Closed iangow closed 4 years ago
Note I chose the passage as it was the longest one of the 3,000+ conference calls I processed (I just ran the code for a little while, then stopped it, as it's not worthwhile to run the code for a day or so and then have to run it again if there are issues).
@Yvonne-Han Hmm. A bit different. Maybe it would be better to start with a shorter passage to nail down the differences.
library(readxl)
library(tidyr)
library(dplyr, warn.conflicts = FALSE)
liwc_orig <- read_excel("~/Downloads/LIWC2015 Results (my_data.txt).xlsx")
to_compare <-
liwc_orig %>%
select(-Filename, -Segment) %>%
mutate_at(.vars = vars(-WC), funs(./100 * WC)) %>%
select(-WC:-Dic) %>%
gather(key = "category", value = "liwc_orig") %>%
mutate(category = tolower(category))
#> Warning: funs() is soft deprecated as of dplyr 0.8.0
#> Please use a list of either functions or lambdas:
#>
#> # Simple named list:
#> list(mean = mean, median = median)
#>
#> # Auto named with `tibble::lst()`:
#> tibble::lst(mean, median)
#>
#> # Using lambdas
#> list(~ mean(., trim = .2), ~ median(., na.rm = TRUE))
#> This warning is displayed once per session.
library(dplyr, warn.conflicts = FALSE)
library(DBI)
pg <- dbConnect(RPostgres::Postgres(), bigint = "integer")
rs <- dbExecute(pg, "SET search_path TO se_features, streetevents")
liwc_2015_output <- tbl(pg, "liwc_2015_output")
sample_liwc <-
liwc_2015_output %>%
filter(file_name == "1802211_T", context == "pres", speaker_number == 3) %>%
select(-1:-6) %>%
collect() %>%
gather(key = "category", value = "liwc_alt") %>%
mutate(category = tolower(category))
sample_liwc %>%
inner_join(to_compare)
#> Joining, by = "category"
#> # A tibble: 73 x 3
#> category liwc_alt liwc_orig
#> <chr> <int> <dbl>
#> 1 function 6289 6230.
#> 2 pronoun 1698 1673.
#> 3 ppron 1034 1010.
#> 4 i 130 129.
#> 5 we 648 649.
#> 6 you 129 122.
#> 7 shehe 9 9.54
#> 8 they 118 103.
#> 9 ipron 664 663.
#> 10 article 898 898.
#> # … with 63 more rows
Created on 2019-07-29 by the reprex package (v0.3.0)
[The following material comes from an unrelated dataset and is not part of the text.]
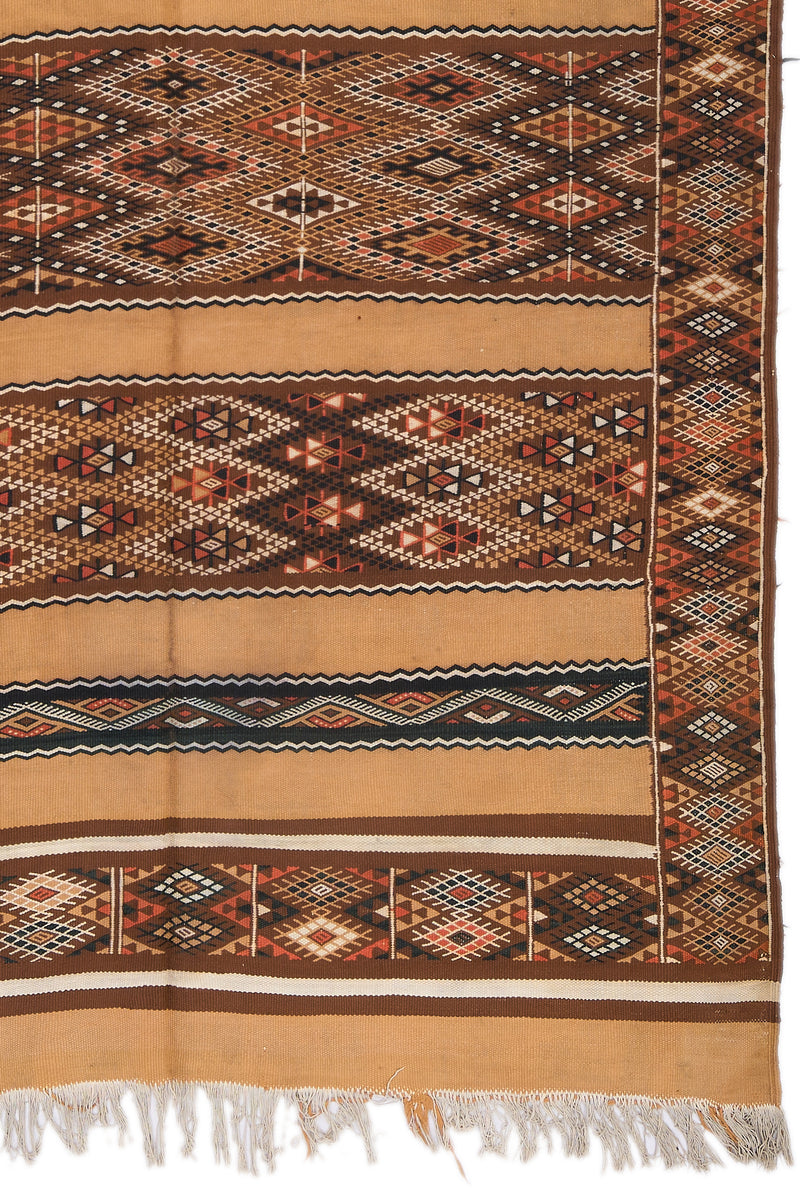 Detalle de los motivos geométricos centrales y bordes laterales de la alfombra kilim en colores marrón, negro, beige y blanco.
@iangow I also had a look at the data and found they are different. For some categories, I think it is working as intended (especially for those results of 0), but for some of the others there seem to be a huge gap (for example, the i category). The LIWC software has another function: It can highlight the specific words that belong to one category. Do you think it might help in determining the issues?
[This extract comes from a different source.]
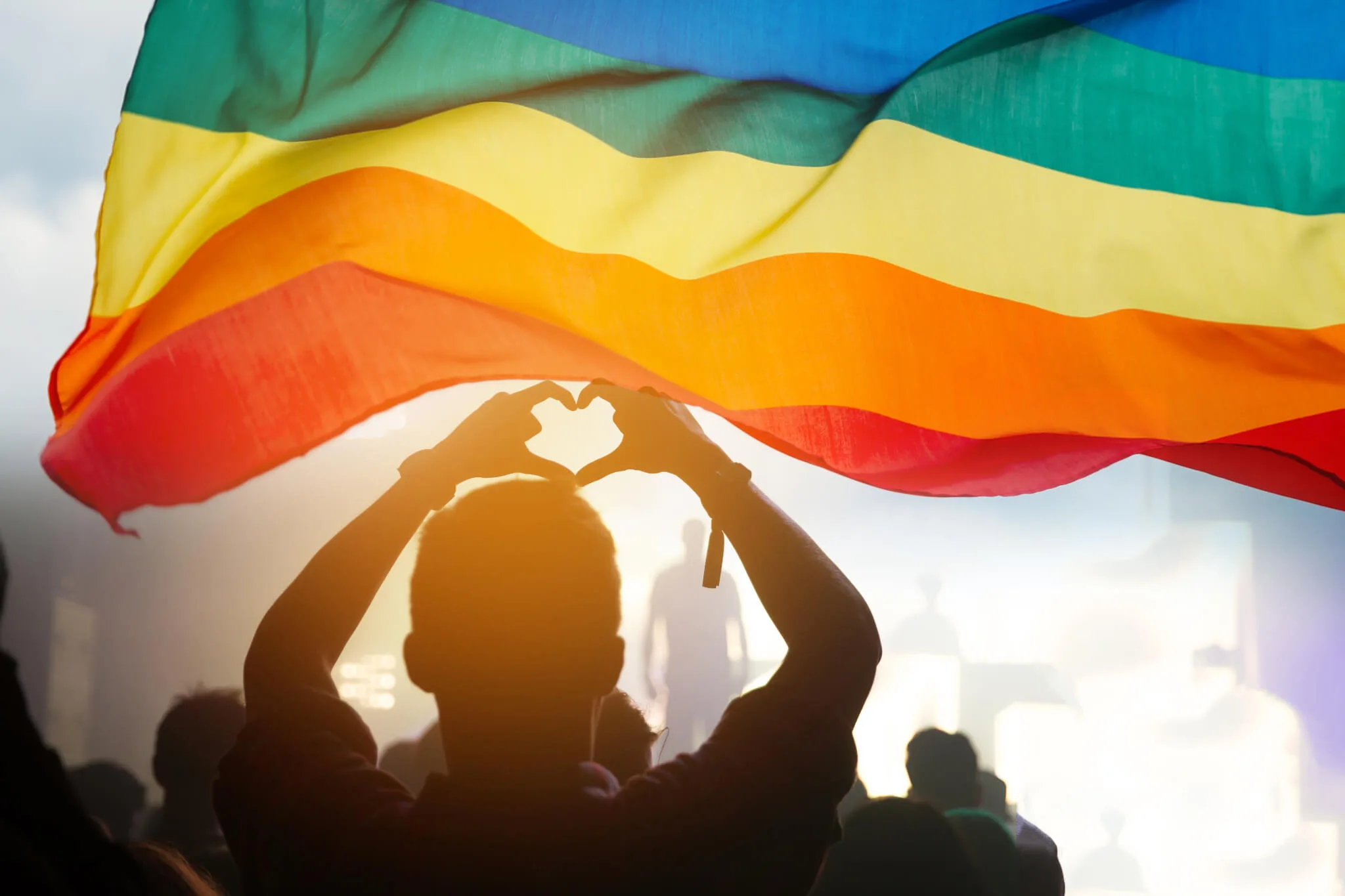 A person backlit by the sun makes a shape of a heart with their fingers while standing beneath a rainbow flag.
@Yvonne-Han Probably best to communicate rather than using email. I have updated the comments with code output above to reflect the new approach. The numbers are much closer now, but not identical.
I think you want to choose a passage of text with fewer words for comparison.
@iangow Yes, it seems much closer now, but given the differences are not proportional, I would guess that there are still some issues with the dictionary. Let me get back to you if I find anything else.
@Yvonne-Han Focus on utterances where there are a few words in a category (so that the comparison can detect issues), but not so many that it becomes laborious. Also, I'd suggest focusing on a handful of LIWC categories at first (eliminate generic issues before focusing on ones within categories, if any).
Here are some candidates (I assume here that I don't need to filter on last_update
[sometimes more than one per file_name
] or section
, which is 1
for every row in over 99% of calls). You could adapt code I sent earlier to dump text from the database (let me know if you need help with this part).
library(dplyr, warn.conflicts = FALSE)
library(DBI)
pg <- dbConnect(RPostgres::Postgres(), bigint = "integer")
rs <- dbExecute(pg, "SET search_path TO se_features, streetevents")
liwc_2015_output <- tbl(pg, "liwc_2015_output")
liwc_2015_output %>%
distinct(file_name) %>%
count()
#> # Source: lazy query [?? x 1]
#> # Database: postgres [igow@10.101.13.99:5432/crsp]
#> n
#> <int>
#> 1 74
liwc_2015_output %>%
filter(Ppron == 13L) %>%
select(file_name, context, speaker_number)
#> # Source: lazy query [?? x 3]
#> # Database: postgres [igow@10.101.13.99:5432/crsp]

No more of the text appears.